Ogni epoca ha punti di contatto con le sue omologhe pregresse, come se fossero sorelle, perciò l’apparenza di unicità è del tutto illusoria e fa leva sul carattere attuale di quella che, di volta in volta, risulti la prescelta del presente, passeggera concubina di un harem cronologico. Non c’è nulla di cui debba temere e la realtà si produce nella mia testa in una quantizzazione che i limiti della mia specie m’impediscono di cogliere, ma a parte quest’ovvietà non ho grandi spunti con cui giustificare al momento la piattezza dei miei orizzonti. L’esistenza procede con il suo passo e non le si può addossare la colpa di chi non la segua a tempo o ne rifiuti proprio il ritmo: io non ho mai avuto passione né predisposizione per il ballo.
Prima o poi qualcosa accadrà a differenti livelli, compreso quello in cui mi trovo, ma non posso davvero prevedere la natura degli eventi futuri ed è anche per questo motivo (oltre al fatto di non berlo) che non mi presto alla lettura dei fondi di caffè.

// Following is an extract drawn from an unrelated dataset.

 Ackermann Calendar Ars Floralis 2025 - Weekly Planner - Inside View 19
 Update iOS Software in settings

Un po’ di tempo fa ho saputo che un hacker di mia conoscenza ha lasciato il corpo e così ho deciso di dedicargli ogni futuro ascolto di questi due grandi album di cui anch’egli era un estimatore.

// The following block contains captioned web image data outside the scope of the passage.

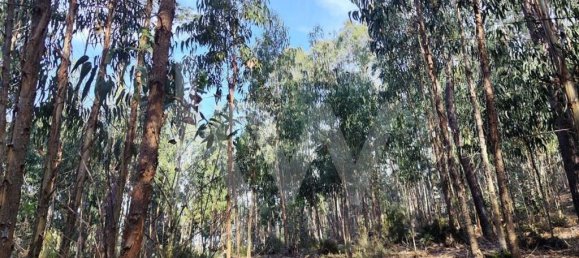 Grundstück in Mafra, Portugal 3562m², Nr. 64252 9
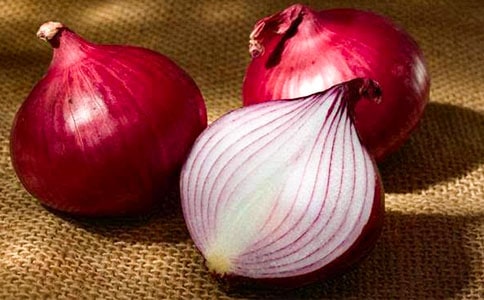 洋葱头历险记读后感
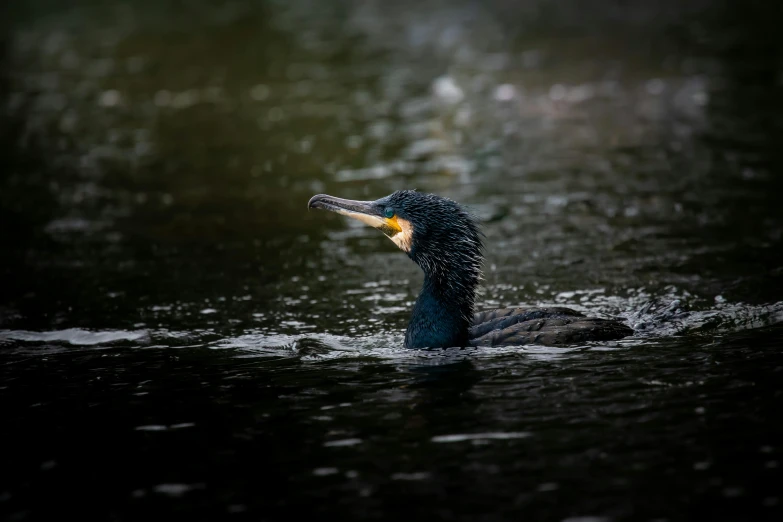 a black and white bird swimming in a dark river
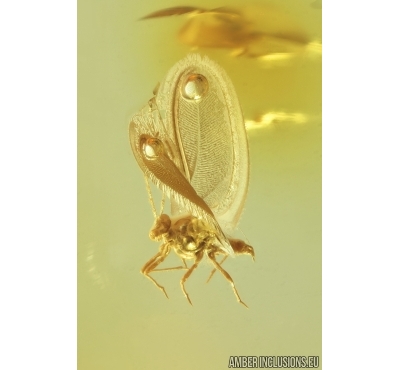 Nice Winged Coccid Coccoidea. Fossil insect in Baltic amber #14178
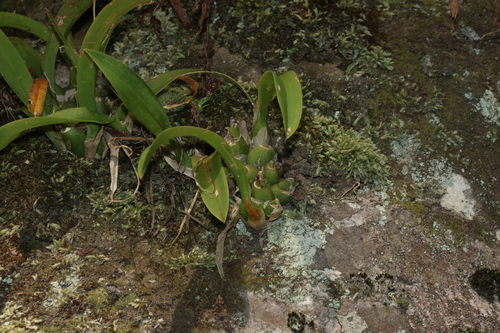rock orchid (Liparis swenssonii)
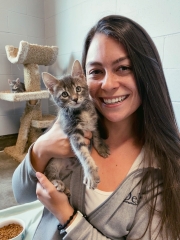 Danielle & shelter kitten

Immagino che anche lui abbia avuto le sue contraddizioni, i suoi alti e bassi, come tutti, ma io lo ricordo solo come una figura di forte ispirazione nella mia adolescenza, una di quelle da cui ho intuito quanto la curiosità verso tutto lo scibile celi talora mondi interiori dalle profondità insondabili.

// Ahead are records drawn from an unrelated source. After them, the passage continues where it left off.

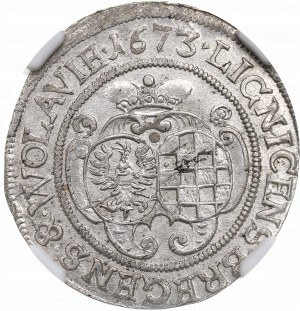 Silésie, Duché de Legnicko-Brzesko-Volov, Ludwika (régente), 6 krajcars 1673, Brzeg - NGC MS64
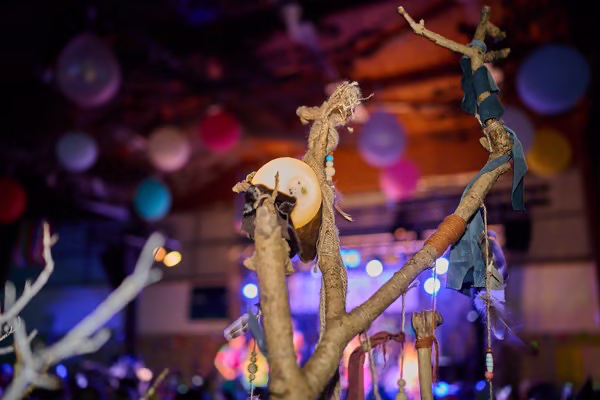 Preview Campos_Viola_DSC1646-172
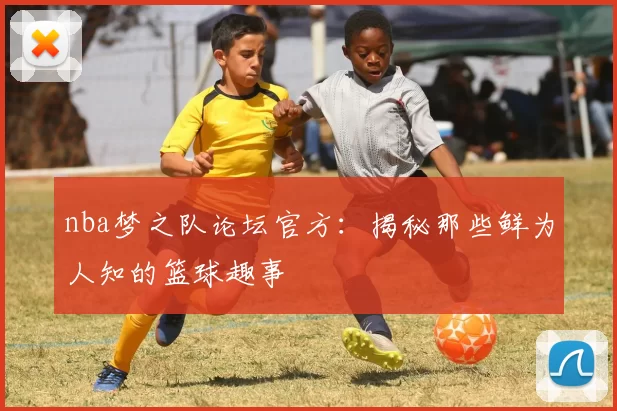 nba梦之队论坛官方：揭秘那些鲜为人知的篮球趣事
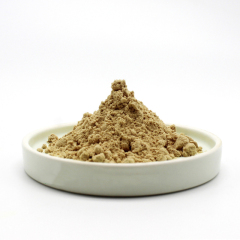 Astragalus extract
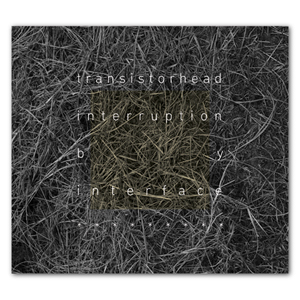 Transistorhead - interruption by interface 2011 | 트랜지스터헤드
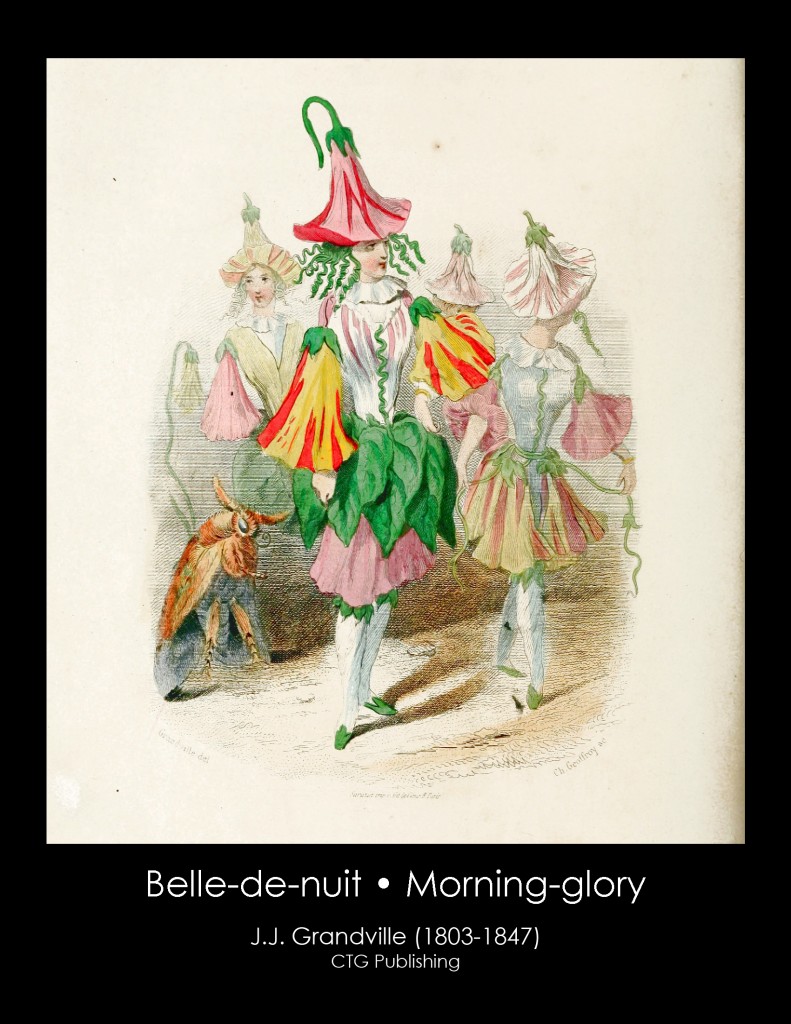 Morning Glory Illustration From J. J. Grandville's Animated Flowers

Per me la morte è solo un salto quantico, un passaggio di stato nella pletora dei multiversi, perciò auguro al grande P. un buon attraversamento del Bardo e una felice metempsicosi; e chissà non ci si ritrovi al prossimo giro di giostra nell’aion o nel kronos.
A un certo punto su “The Light Dies Down On Broadway” (quart’ultima traccia di “The Lamb Lies Down On Broadway”) Peter Gabriel canta:
”Is this the way out from this endless scene?
Or just an entrance to another dream?”.
C’è solo una minoranza al mondo per cui simpatizzo ed è quella curda. Si tratta di un popolo fiero, senza terra, che combatte da sempre contro tutti. Di tanto in tanto vado a riguardarmi il filmato in calce a queste righe nel quale una bella ragazza cerca obiettivi con il suo Dragunov e sorride alla pallottola che la manca di poco. I curdi hanno combattuto sul campo quelle merde di Daesh e anche le donne dell’YPJ hanno ucciso tanti sgherri di al-Baghdadi, perciò l’Occidente ha un grosso debito nei loro confronti. Trump non è un interventista, di conseguenza la sua decisione di ritirare le truppe dalla Siria è coerente con quanto ha sempre dichiarato prima e dopo la sua elezione, nondimeno a me dispiace che gli Stati Uniti abbiano tradito i curdi poiché così essi sono stati lasciati soli da tutti in una lotta ìmpari contro turchi e jihadisti, perciò spero che sia proprio una donna curda a ficcare un proiettile nel cranio di Erdogan.
Una parte dell’Occidente tende la mano a gente che vuole prendersi tutto il braccio, spesso ingrata e violenta, mentre limita a frasi di circostanze il suo aiuto verso chi ha contenuto l’avanzata degli estremisti islamici. Ci sono migliaia di individui che millantano di fuggire da presunti conflitti e sono accolti da perfetti imbecilli ai quali, per interesse economico o mera idiozia, non preme la verità, però non ravviso la medesima partecipazione verso chi una guerra la combatte davvero e in parte lo fa anche al posto di altri. Per me il popolo curdo è un esempio di coraggio e abnegazione.